宋甜被經紀人說得心裡難受,想幫他找出路。
她聽了經紀人的話,去陪酒。
一次又一次。
路杳醒後得知了,憤怒冷笑。
他說:「我不用女人去給我賺前程。」
路杳帶著傷,去酒局撈她出來。
宋甜死沉著臉,質問他:
「你在想她是嗎?
「從她離開那天起,你就和瘋了一樣。
「她根本就不愛你。」
宋甜發笑,喪心病狂地笑。
「她恨不得你去死,她就想眼睜睜看你和我毀掉。」
可她說到最後,路杳隻是抽著煙,眼神飄忽,沒落在實處。
「我懷孕了。」
宋甜跪在地上哀求他。
用她最擅長也是唯一擅長的招數。
哭。
但這次,她是真心實意的。
「哥哥,我們好好生活,我們也可以有自己的家。」
路杳眼神松動。
宋甜以為他還是在意的,心下一喜。
卻開心不過三秒。
路杳波瀾不興地說了句。
「去打掉。」
「你說什麼?」
「別害孩子。」路杳散漫一笑, 極為冷情, 「我和你, 成不了一個家。宋甜, 你清醒點,自私的人哪來的家?」
宋甜開著車回去, 失魂落魄。
遇到狗仔跟拍。
她情緒激動, 躲避不及撞上樹。
被送去醫院。
路杳一天也沒去看過。
路杳的錢用來賠償商務損失。
他悶在曾經的老房子裡不出來。
一天過一天。
荒廢掉了職業選手最後的那幾年。
他忘記了。
忘記一開始,逃學打遊戲是為了什麼。
想起的那年冬天,醫院裡。
他媽媽死死拉著他的手。
非要他發誓。
「你一定會護住妹妹, 對她好。」
「我發誓。
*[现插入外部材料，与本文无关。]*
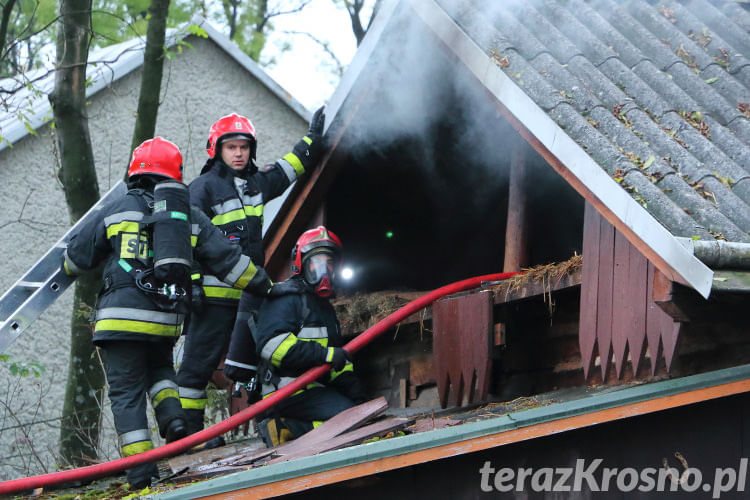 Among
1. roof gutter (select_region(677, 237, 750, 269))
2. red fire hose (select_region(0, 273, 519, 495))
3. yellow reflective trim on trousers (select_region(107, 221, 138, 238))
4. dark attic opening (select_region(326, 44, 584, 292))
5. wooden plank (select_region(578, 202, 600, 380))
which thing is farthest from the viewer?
dark attic opening (select_region(326, 44, 584, 292))

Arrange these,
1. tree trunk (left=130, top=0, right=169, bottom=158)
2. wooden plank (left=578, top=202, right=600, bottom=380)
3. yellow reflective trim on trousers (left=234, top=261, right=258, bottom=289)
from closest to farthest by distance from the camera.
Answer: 1. wooden plank (left=578, top=202, right=600, bottom=380)
2. yellow reflective trim on trousers (left=234, top=261, right=258, bottom=289)
3. tree trunk (left=130, top=0, right=169, bottom=158)

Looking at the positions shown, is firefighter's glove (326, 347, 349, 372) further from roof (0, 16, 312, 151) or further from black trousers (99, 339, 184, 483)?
roof (0, 16, 312, 151)

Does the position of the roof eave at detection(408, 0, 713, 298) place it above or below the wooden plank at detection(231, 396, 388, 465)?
above

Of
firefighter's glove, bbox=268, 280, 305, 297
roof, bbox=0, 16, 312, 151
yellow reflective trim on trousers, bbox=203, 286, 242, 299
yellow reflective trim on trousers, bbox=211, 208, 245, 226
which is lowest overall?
firefighter's glove, bbox=268, 280, 305, 297

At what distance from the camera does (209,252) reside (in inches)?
248

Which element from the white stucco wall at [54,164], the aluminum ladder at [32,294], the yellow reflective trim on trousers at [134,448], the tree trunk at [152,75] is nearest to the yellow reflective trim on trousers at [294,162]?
the aluminum ladder at [32,294]

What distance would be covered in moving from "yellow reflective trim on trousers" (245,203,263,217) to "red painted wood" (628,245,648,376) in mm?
2991

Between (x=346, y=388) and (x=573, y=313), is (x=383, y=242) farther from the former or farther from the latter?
(x=573, y=313)

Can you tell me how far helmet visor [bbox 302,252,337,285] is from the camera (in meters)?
6.61

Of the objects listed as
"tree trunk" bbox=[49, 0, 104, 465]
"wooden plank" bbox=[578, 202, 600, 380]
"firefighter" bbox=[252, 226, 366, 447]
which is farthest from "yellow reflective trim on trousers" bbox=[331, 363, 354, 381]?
"tree trunk" bbox=[49, 0, 104, 465]

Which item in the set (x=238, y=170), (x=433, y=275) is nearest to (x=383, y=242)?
(x=433, y=275)

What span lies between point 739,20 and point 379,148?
2.58 meters

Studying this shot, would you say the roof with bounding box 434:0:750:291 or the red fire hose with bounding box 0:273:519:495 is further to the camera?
the red fire hose with bounding box 0:273:519:495

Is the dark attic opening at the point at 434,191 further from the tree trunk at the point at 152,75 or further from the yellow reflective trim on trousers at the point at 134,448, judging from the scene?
the yellow reflective trim on trousers at the point at 134,448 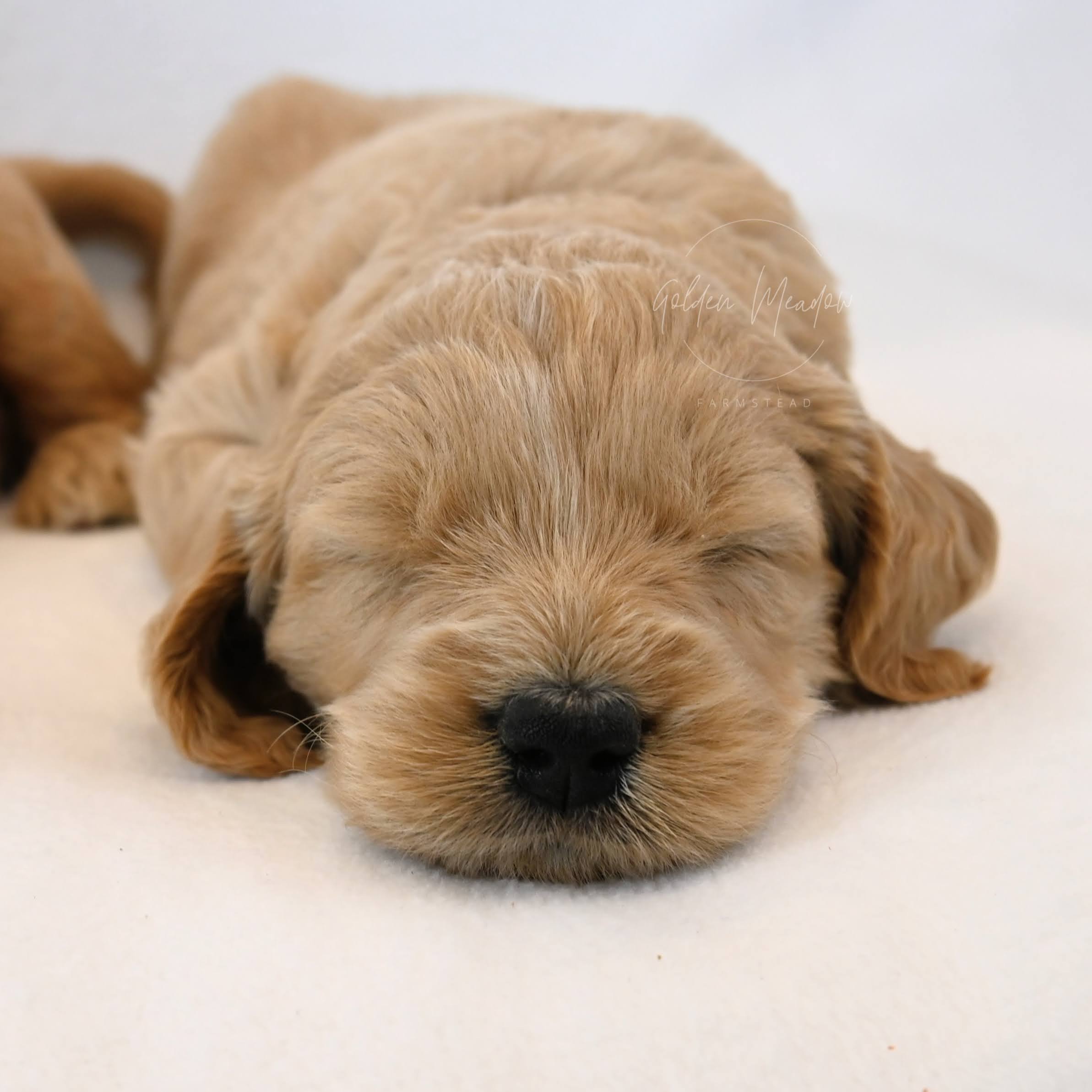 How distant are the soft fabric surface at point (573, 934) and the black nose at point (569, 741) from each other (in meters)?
0.13

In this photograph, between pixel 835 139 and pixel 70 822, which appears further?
pixel 835 139

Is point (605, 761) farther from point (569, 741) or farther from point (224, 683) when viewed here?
Result: point (224, 683)

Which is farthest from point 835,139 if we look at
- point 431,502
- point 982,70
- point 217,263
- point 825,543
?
point 431,502

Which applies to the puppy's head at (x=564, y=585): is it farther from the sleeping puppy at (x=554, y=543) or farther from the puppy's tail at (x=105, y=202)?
the puppy's tail at (x=105, y=202)

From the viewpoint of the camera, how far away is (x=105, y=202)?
4566 mm

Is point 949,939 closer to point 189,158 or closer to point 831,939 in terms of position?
point 831,939

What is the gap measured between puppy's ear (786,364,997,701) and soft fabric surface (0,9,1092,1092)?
75 mm

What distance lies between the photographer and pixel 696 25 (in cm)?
470

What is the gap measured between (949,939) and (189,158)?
446cm

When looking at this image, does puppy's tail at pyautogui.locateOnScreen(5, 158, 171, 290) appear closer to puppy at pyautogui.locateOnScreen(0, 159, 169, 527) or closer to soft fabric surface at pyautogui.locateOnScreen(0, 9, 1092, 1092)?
puppy at pyautogui.locateOnScreen(0, 159, 169, 527)

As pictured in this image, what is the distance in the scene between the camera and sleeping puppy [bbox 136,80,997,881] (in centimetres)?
159

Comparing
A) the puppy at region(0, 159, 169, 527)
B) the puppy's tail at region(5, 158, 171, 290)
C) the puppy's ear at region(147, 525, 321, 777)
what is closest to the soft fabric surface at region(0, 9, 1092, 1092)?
the puppy's ear at region(147, 525, 321, 777)

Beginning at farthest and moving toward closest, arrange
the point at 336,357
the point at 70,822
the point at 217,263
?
the point at 217,263 → the point at 336,357 → the point at 70,822

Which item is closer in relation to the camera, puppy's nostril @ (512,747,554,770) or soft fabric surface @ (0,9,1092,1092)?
soft fabric surface @ (0,9,1092,1092) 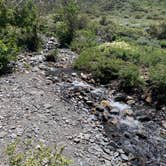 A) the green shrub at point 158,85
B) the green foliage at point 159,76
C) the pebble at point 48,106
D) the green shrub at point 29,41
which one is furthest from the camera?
the green shrub at point 29,41

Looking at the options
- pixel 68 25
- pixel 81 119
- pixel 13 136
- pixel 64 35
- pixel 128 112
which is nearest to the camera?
pixel 13 136

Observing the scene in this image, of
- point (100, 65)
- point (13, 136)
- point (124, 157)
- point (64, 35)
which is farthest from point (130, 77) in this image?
point (64, 35)

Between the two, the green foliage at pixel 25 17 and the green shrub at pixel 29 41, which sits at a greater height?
the green foliage at pixel 25 17

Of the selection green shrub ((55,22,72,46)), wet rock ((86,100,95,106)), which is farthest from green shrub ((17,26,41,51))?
wet rock ((86,100,95,106))

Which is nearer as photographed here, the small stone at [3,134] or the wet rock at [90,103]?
the small stone at [3,134]

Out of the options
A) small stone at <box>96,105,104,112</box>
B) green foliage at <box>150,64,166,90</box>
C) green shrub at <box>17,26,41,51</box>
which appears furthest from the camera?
green shrub at <box>17,26,41,51</box>

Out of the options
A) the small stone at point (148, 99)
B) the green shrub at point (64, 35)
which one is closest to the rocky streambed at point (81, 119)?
the small stone at point (148, 99)

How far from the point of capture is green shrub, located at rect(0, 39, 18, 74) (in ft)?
53.9

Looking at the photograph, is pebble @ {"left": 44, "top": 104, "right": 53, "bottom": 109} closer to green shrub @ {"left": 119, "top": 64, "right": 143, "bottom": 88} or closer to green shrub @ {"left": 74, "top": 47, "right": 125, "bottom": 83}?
green shrub @ {"left": 119, "top": 64, "right": 143, "bottom": 88}

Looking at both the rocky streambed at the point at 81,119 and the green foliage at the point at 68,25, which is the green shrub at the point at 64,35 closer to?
the green foliage at the point at 68,25

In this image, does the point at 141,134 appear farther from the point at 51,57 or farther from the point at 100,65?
the point at 51,57

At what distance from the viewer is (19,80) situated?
15.7 meters

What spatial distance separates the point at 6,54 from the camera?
1678 centimetres

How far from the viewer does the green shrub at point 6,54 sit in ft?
53.9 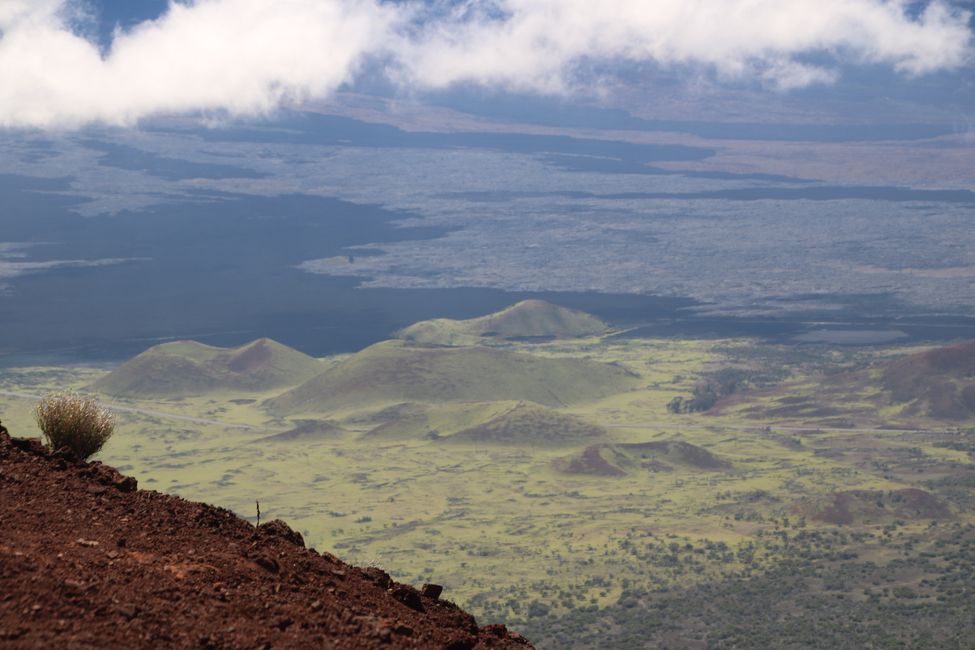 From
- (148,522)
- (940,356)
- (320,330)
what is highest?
(148,522)

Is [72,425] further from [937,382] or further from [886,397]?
[886,397]

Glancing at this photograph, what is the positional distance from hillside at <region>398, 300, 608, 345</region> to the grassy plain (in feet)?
89.0

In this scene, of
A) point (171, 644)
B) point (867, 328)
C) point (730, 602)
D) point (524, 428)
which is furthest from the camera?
point (867, 328)

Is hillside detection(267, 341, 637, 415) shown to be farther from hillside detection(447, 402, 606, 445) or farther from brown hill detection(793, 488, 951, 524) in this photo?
brown hill detection(793, 488, 951, 524)

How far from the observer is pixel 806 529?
2729 inches

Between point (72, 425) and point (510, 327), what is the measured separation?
146550 mm

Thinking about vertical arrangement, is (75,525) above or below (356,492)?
above

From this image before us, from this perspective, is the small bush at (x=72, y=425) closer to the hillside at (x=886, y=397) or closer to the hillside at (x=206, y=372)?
the hillside at (x=886, y=397)

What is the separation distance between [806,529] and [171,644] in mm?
63128

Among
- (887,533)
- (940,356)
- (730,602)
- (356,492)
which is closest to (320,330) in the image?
(940,356)

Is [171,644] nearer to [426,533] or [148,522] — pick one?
[148,522]

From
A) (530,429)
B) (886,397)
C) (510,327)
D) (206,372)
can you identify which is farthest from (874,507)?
(510,327)

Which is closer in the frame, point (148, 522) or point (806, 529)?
point (148, 522)

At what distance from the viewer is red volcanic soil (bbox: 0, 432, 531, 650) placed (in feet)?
28.1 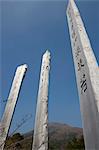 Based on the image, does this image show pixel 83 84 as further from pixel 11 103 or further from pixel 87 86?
pixel 11 103

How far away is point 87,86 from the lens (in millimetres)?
1547

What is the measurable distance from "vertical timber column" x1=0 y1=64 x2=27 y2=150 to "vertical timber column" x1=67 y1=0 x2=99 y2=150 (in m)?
1.47

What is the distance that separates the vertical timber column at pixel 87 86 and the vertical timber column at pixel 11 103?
57.8 inches

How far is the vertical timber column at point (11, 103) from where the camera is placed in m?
3.17

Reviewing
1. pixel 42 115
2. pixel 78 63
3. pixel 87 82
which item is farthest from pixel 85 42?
pixel 42 115

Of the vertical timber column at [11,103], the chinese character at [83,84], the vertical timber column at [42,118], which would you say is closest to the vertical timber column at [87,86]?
the chinese character at [83,84]

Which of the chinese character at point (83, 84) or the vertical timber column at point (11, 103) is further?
the vertical timber column at point (11, 103)

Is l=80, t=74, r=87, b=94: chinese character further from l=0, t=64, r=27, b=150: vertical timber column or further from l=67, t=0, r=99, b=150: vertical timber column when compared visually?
l=0, t=64, r=27, b=150: vertical timber column

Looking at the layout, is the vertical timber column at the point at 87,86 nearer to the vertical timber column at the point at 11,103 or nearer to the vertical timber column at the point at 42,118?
the vertical timber column at the point at 42,118

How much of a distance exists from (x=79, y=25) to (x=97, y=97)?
2.64 ft

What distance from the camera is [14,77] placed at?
402cm

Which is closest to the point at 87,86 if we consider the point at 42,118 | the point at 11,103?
the point at 42,118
」
他怎麼忘了呢。
說謊的人, 要吞一千根針。
他沒遵守誓言,就換不來喬林煙的誓言。
12
大洋彼岸的某個除夕夜。
我收到了一大筆錢和一封信。
律師說,是中國的賬戶寄來的。
路杳到底很聰明的。
他找到了我。
三年前。
他通過我們父母公墓十年交一次管理費的銀行卡號,順藤摸瓜,找到了我。
他漂洋過海。
坐了十幾個小時的飛機。
在夏日傍晚,來到我的醫院外。
看著我懷裡抱著孩子, 在公園散步。
他以為那是我的小孩。
以為我有了自己的家庭。
他坐在公園的板凳上, 看了很久。
他和我都明白,家是彼此最想要的東西。
他不願破壞。
隔天,坐了飛機回國。
死在了那個破房子裡。
是被他房間那扇能看到半角大海的生鏽鐵窗,破碎的玻璃尖刺傷的。
起初, 隻是破傷風。
及時治療就能好。
但他沒有。
受傷的地方,是我回家的那晚, 給他上過藥的地方。
他一次又一次。
好了,又扎傷。
直到傷口潰爛發炎。
試圖通過這樣, 讓我心疼他。
像年少時很多很多次的傍晚那樣, 摸著黑一臉著急地來找他。
當時我說:「哥哥, 我不想失去你。」
醫生說, 他是精神錯亂。
「比如太愛你了, 但現實不允許。
「他內心把你當作愛人,現在分不清現實和幻想。」
我一一看完信中的內容。
裡頭夾著一張黑白照。
路杳年輕英俊的臉, 囂張張揚,不諳世事。
以為自己什麼都能留住。
那是他十七歲時,我給他拍的。
當時他把所有錢給我,送我去上重點高中。
他說:「你接著讀書, 能讀多高讀多高。」
他沒拍過一張照。
我借著同學的相機, 給他拍了一張。
沒想到, 最後成了他的遺照。
我平靜地將信連著照片一起燒了。
隔天,把那一大筆錢匿名捐給了中國大使館。
那天,我搶救了一對火場送來的年輕夫婦。
手術後, 他們的孩子聚在外頭。
妹妹搭著哥哥的頭睡覺。
我突然想起路杳。
連做了三臺手術, 我找了個休息室睡覺。
夢裡,那年冬天。
他握著我的手,溫暖。
無關情欲,無關未來。
此時此刻, 他是我的家人。
「說話。又玩什麼招數?」
「離如」想過互相糾纏,想過互相毀滅。
到最後,太累了,隻想離開他。
我的生命遠有比這更廣闊的美麗。
夢裡, 我最後一次聽見路杳的聲音。
他牽著我的手回家。
抬頭,他看見滿天的流星雨。
如煙似夢。
離他,十萬八千裡。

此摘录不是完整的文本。